They dropped that a few months ago, which has been my biggest concern. It
seemed a silly thing for Facebook to do. Despite my frequent attempts to
encourage people to opt out of the API, I estimated that only between 1 and 2%
of my friends list had done so. By removing the option they hardly changed
anything but antagonized the tiny fraction of privacy conscious, probably
vocal, people.

To (attempt to) prevent linking my Facebook account to my browsing practices I
currently block the following in Adblock Plus:

    
    
      * connect.facebook.com*
      * facebook.com/widgets*
      * facebook.com/plugins*
      * api.facebook.com*
      * apps.facebook.com*
    

running Facebook in a different browser instance would be another option.
Neither fix stops random people from accessing my friends list and potentially
other information anonymously and programmatically.
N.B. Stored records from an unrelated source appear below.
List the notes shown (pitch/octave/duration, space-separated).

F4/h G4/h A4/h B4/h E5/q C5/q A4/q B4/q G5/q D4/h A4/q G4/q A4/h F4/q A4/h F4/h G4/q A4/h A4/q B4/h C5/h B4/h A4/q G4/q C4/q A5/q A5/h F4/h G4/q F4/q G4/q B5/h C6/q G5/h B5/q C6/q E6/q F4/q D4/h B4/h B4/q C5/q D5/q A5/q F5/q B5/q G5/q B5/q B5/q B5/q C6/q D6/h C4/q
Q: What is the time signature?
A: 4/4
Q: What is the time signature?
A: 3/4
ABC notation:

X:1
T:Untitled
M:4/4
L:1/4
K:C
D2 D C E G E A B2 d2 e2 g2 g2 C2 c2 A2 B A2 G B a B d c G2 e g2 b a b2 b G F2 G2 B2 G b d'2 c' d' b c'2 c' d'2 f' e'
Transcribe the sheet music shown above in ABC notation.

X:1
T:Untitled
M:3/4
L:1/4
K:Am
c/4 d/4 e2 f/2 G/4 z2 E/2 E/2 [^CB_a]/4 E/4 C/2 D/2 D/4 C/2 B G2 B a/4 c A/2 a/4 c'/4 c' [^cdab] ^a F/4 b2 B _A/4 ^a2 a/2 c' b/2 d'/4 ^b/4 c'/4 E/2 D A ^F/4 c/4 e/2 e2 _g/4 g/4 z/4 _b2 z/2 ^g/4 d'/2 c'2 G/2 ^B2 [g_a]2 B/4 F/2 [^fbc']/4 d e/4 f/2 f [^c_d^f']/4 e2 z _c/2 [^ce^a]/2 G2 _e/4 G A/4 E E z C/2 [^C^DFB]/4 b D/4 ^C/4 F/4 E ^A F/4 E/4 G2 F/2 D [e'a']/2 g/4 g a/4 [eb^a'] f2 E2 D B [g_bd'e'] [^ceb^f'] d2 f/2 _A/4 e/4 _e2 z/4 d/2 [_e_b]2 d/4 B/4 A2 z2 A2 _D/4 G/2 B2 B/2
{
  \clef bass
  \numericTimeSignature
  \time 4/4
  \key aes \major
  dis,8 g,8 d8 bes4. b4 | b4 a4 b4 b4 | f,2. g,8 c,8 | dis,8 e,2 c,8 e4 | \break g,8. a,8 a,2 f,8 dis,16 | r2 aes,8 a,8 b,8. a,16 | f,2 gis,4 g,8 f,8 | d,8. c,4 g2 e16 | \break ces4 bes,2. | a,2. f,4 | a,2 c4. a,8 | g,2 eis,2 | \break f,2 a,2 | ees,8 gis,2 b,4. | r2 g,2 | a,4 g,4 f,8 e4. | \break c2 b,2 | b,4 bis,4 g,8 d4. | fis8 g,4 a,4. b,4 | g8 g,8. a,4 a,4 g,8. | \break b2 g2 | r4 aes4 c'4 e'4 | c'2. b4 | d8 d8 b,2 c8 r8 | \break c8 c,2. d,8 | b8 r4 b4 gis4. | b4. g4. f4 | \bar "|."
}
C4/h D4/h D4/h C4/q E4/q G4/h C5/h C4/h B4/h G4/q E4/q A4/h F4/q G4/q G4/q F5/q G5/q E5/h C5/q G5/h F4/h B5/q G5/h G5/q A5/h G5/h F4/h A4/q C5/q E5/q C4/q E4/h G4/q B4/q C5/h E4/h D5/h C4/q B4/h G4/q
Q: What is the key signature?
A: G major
This is making me think
about ditching Facebook.

------
whimsy
So... what are the Facebook alternatives that are looking strong?

Also, what tools are available for extracting all your data? (Pictures, notes,
etc for example)

------
revorad
The other telling thing is that along the same timeline their userbase has
grown immensely. Most people don't care about or understand internet privacy.

------
Pistos2
FWIW: <http://www.wikihow.com/Permanently-Delete-a-Facebook-Account>